Otro factor es el aumento de las rivalidades étnicas, religiosas, culturales, clasistas y políticas en escenarios domésticos de creciente polarización. Por último, la incapacidad de las Naciones Unidas para moderar, tramitar y resolver conflictos entre países, estimulan a los pueblos a intentar la búsqueda de su independencia.

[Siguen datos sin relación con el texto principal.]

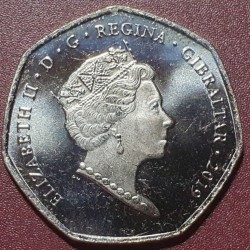 Gibraltaras 50 pensų, 2019 Kalėdų senelis ir jo šuo UC140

En Europa, los movimientos separatistas, con distintos niveles de adhesión, atraviesan España, Francia, Italia, Alemania, Bélgica, Gran Bretaña (más allá de Escocia), Ucrania, Austria y la lista continúa. En Estados Unidos, la vocación secesionista del estado de Texas es la más emblemática, aunque no la única. Canadá tiene lo suyo en Quebec y Latinoamérica muestra sus mejores galones rebeldes en Santa Cruz de la Sierra (Bolivia), Guayaquil en Ecuador y la zona más rica en hidrocarburos de Venezuela: Zulia. La lista de grupos organizados a favor del separatismo en Africa y Asia es larga y compleja.
Un país puede considerarse fuerte a partir de la consolidación de un universo de factores. En el balance está la clave. Escocia como nación independiente podría ser más rica de lo que en la actualidad es como Estado. Pero sería probablemente mucho más débil en sus capacidades internacionales, en su representatividad global y en su acceso a beneficios que sólo están disponibles para grandes potencias. Siguiendo el mismo criterio, no es menos cierto que Inglaterra sería más pobre con Escocia fuera del Reino Unido. Entonces lo que puede mantener unido un bloque es la coherencia anclada en el principio de justicia, tolerancia y respeto por y para todos sus integrantes. La opresión, el abuso y la injusticia llevan a la confusa radicalización de posiciones. Escocia ha sido un ejemplo de sentido común, interés económico, tolerancia, apertura, diversidad y ecumenismo. Ojalá el resto de Europa pueda aprender de esta experiencia.